To free a memory block we need the address of that memory block. So in this case, all we have to do is take into the pointer offset and get to the start of the allocated block:
#include <stdlib.h>
char *my_str;
int main(void)
{
my_str = malloc(42);
/* At this point, the pointer points to the start
of the allocated memory. */
my_str += 20;
/* At this point, no pointer points to the start of
the allocated memory. However, it is still accessible. */
free(my_str - 20);
return 0;
}
And now the leak is gone!
"Indirectly lost"
Reiterating on what was said up there, "indirectly lost" memory doesn't mean that there are no pointers to it, but rather because all the blocks that point to it are themselves lost.
Here is a simple example:
#include <stdlib.h>
int ***arr;
int main(void)
{
arr = malloc(5 * sizeof(int**));
arr[2] = malloc(5 * sizeof(int*));
arr[2][2] = malloc(100 * sizeof(int));
free(arr);
return 0;
}
Which produces the following output in Valgrind:
...
==30154== HEAP SUMMARY:
==30154== in use at exit: 440 bytes in 2 blocks
==30154== total heap usage: 3 allocs, 1 frees, 480 bytes allocated
==30154==
==30154== 440 (40 direct, 400 indirect) bytes in 1 blocks are definitely lost in loss record 2 of 2
==30154== at 0x4C2FB0F: malloc (in /usr/lib/valgrind/vgpreload_memcheck-amd64-linux.so)

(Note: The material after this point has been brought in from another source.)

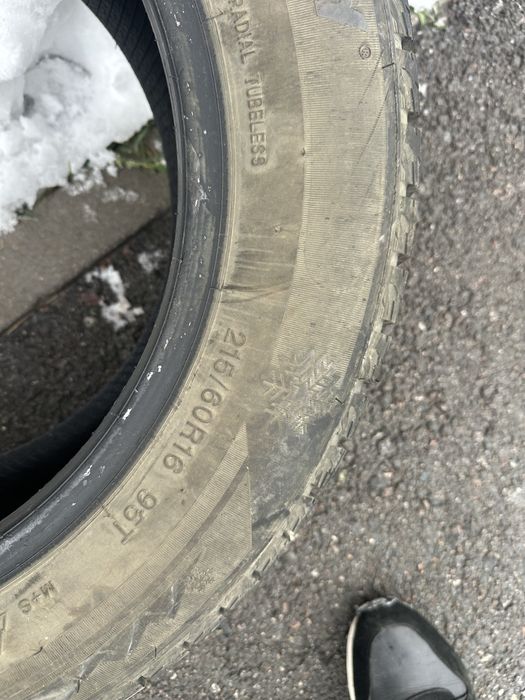 Шины новые, в эксплуатации всего 1 неделю.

==30154== by 0x1086B8: main (main.c:9)
==30154==
==30154== LEAK SUMMARY:
==30154== definitely lost: 40 bytes in 1 blocks
==30154== indirectly lost: 400 bytes in 1 blocks
==30154== possibly lost: 0 bytes in 0 blocks
==30154== still reachable: 0 bytes in 0 blocks
==30154== suppressed: 0 bytes in 0 blocks
...
We can fix this by appropriately freeing the allocated blocks:
#include <stdlib.h>
int ***arr;
int main(void)
{
arr = malloc(5 * sizeof(int**));
arr[2] = malloc(5 * sizeof(int*));
arr[2][2] = malloc(100 * sizeof(int));
free(arr[2][2]);
free(arr[2]);
free(arr);
return 0;
}
There you go, now you should have the tools to check your programs for memory leaks!